Output, exactly as written, the lines below from the one that has "This may contain: the" through the one that has "Elegant reception area"; nothing else, and no pictures.

[SUPPLIED MATERIAL]:
##########
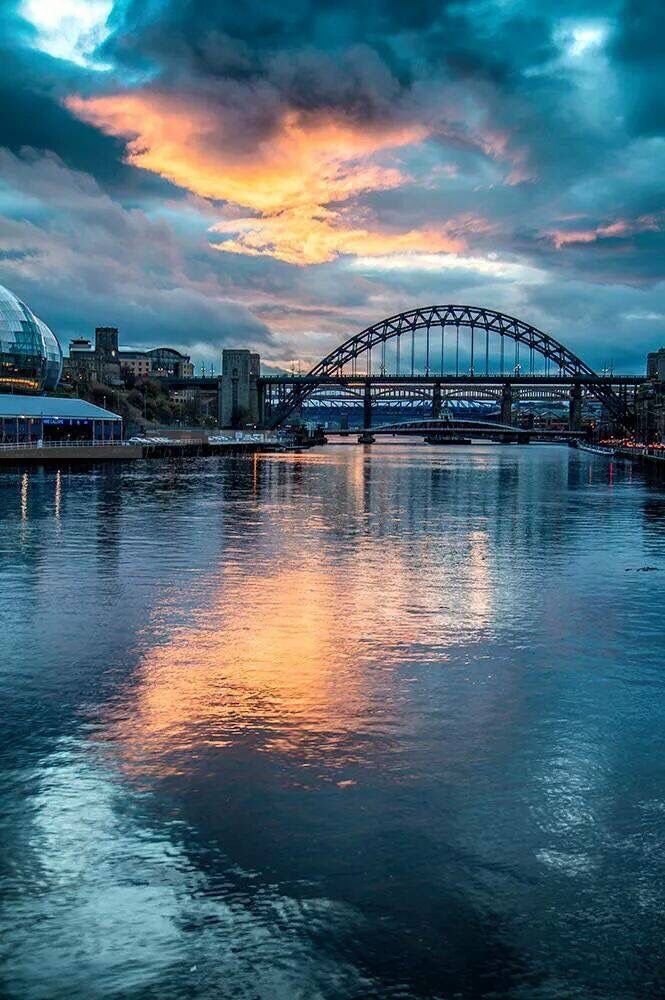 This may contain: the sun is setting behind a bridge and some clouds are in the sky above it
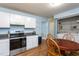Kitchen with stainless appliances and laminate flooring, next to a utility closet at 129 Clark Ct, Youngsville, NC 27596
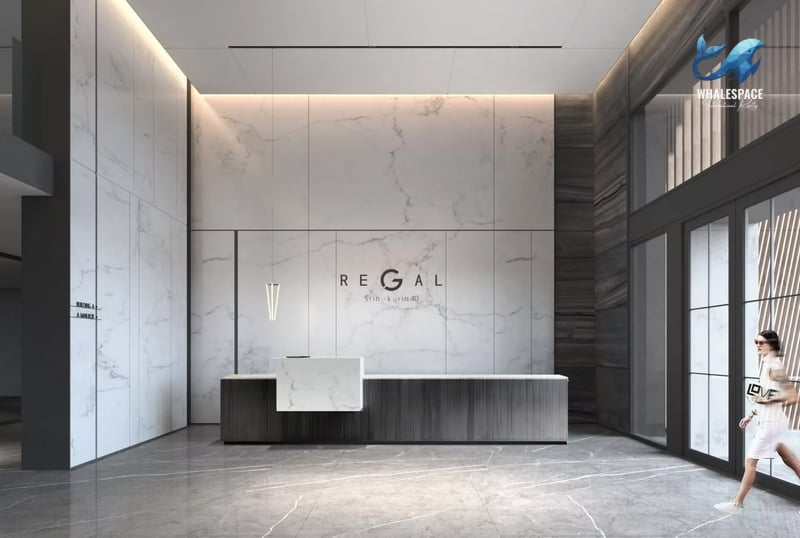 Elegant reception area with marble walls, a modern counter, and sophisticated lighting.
##########
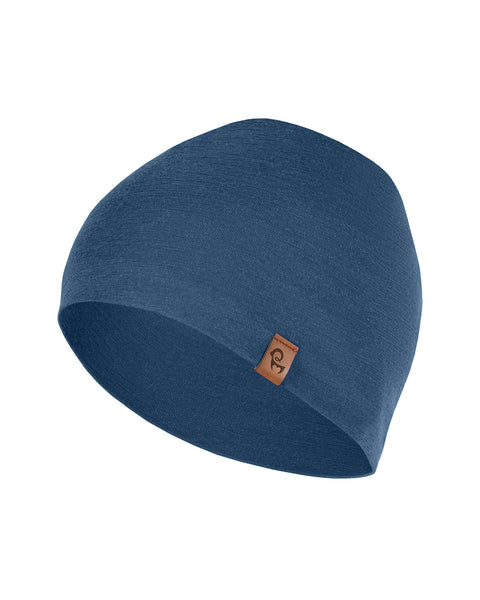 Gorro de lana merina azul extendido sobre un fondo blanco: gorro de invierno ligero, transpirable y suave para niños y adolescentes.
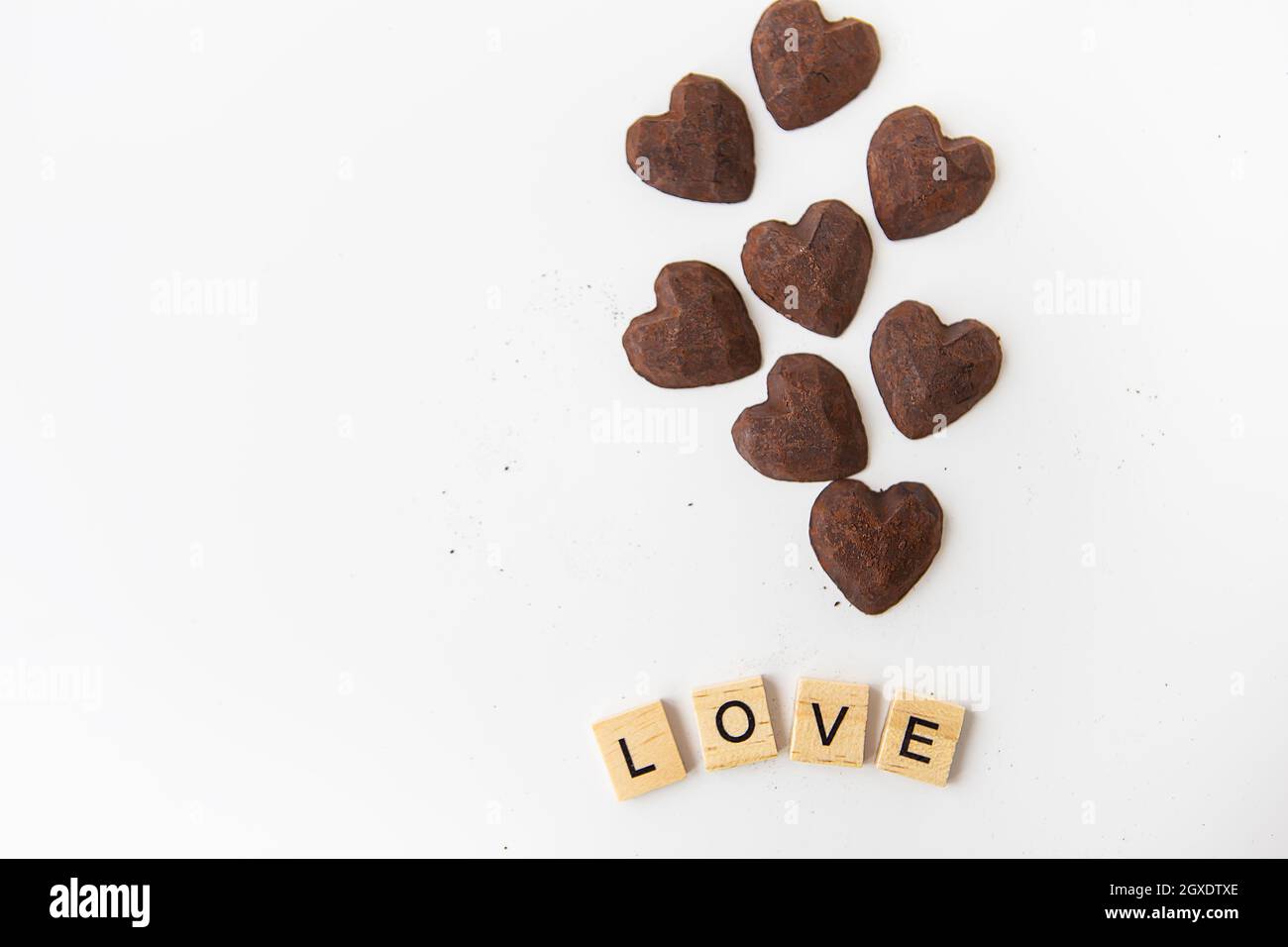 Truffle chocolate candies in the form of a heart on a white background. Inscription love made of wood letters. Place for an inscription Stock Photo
##########
[WRITTEN REPLY]:
 This may contain: the sun is setting behind a bridge and some clouds are in the sky above it
Kitchen with stainless appliances and laminate flooring, next to a utility closet at 129 Clark Ct, Youngsville, NC 27596
 Elegant reception area with marble walls, a modern counter, and sophisticated lighting.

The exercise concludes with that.